### Data for this task
-=-=-

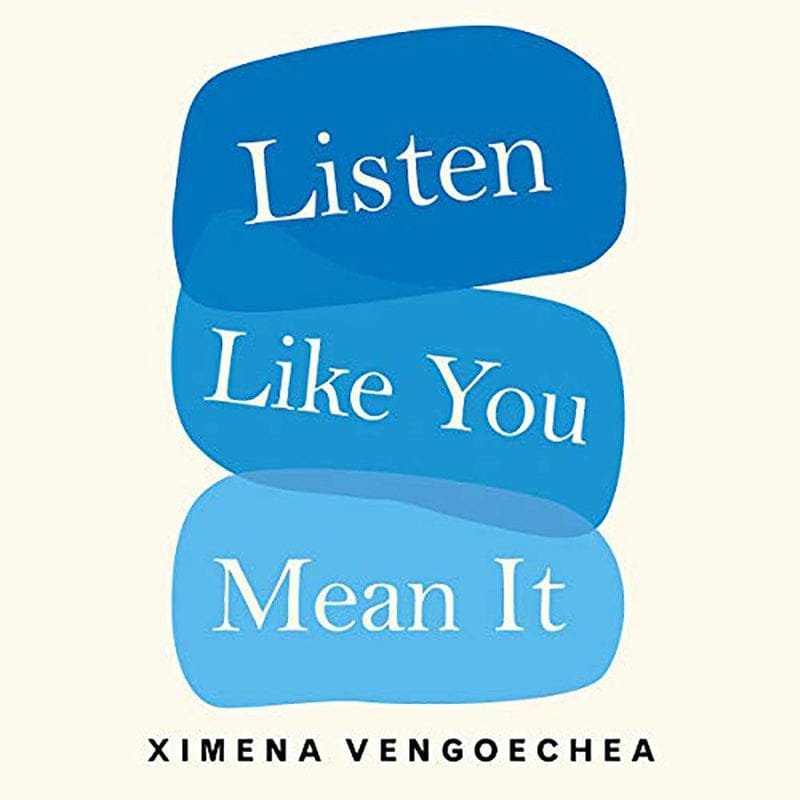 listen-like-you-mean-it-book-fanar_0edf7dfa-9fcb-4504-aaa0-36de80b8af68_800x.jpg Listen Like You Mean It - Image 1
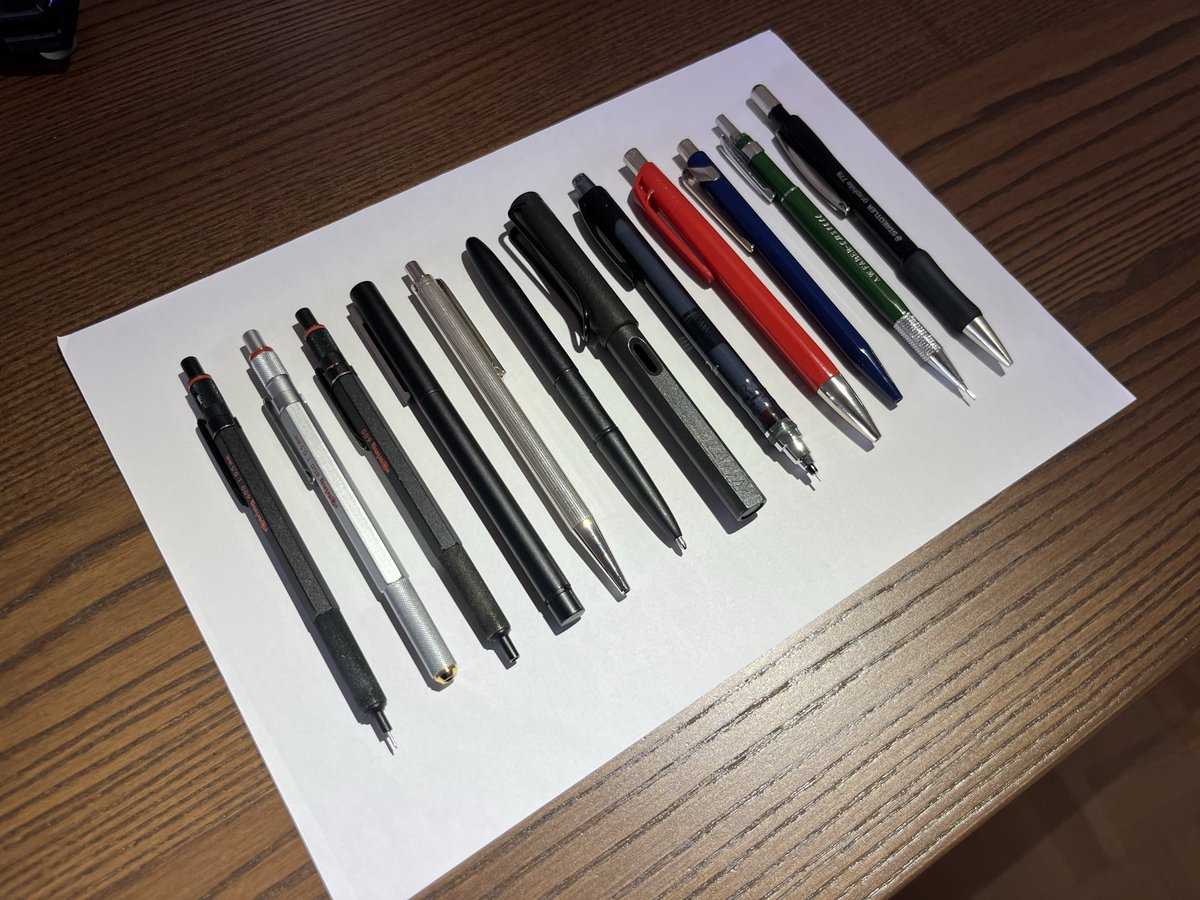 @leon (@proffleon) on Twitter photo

-=-=-

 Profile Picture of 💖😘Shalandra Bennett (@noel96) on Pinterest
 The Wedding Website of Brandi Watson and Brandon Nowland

-=-=-

### Work instructions
Given the records above, restate word for word only the lines starting at the one with "Profile Picture of" and ending at the one with "The Wedding Website".

### Answer area
 Profile Picture of 💖😘Shalandra Bennett (@noel96) on Pinterest
 The Wedding Website of Brandi Watson and Brandon Nowland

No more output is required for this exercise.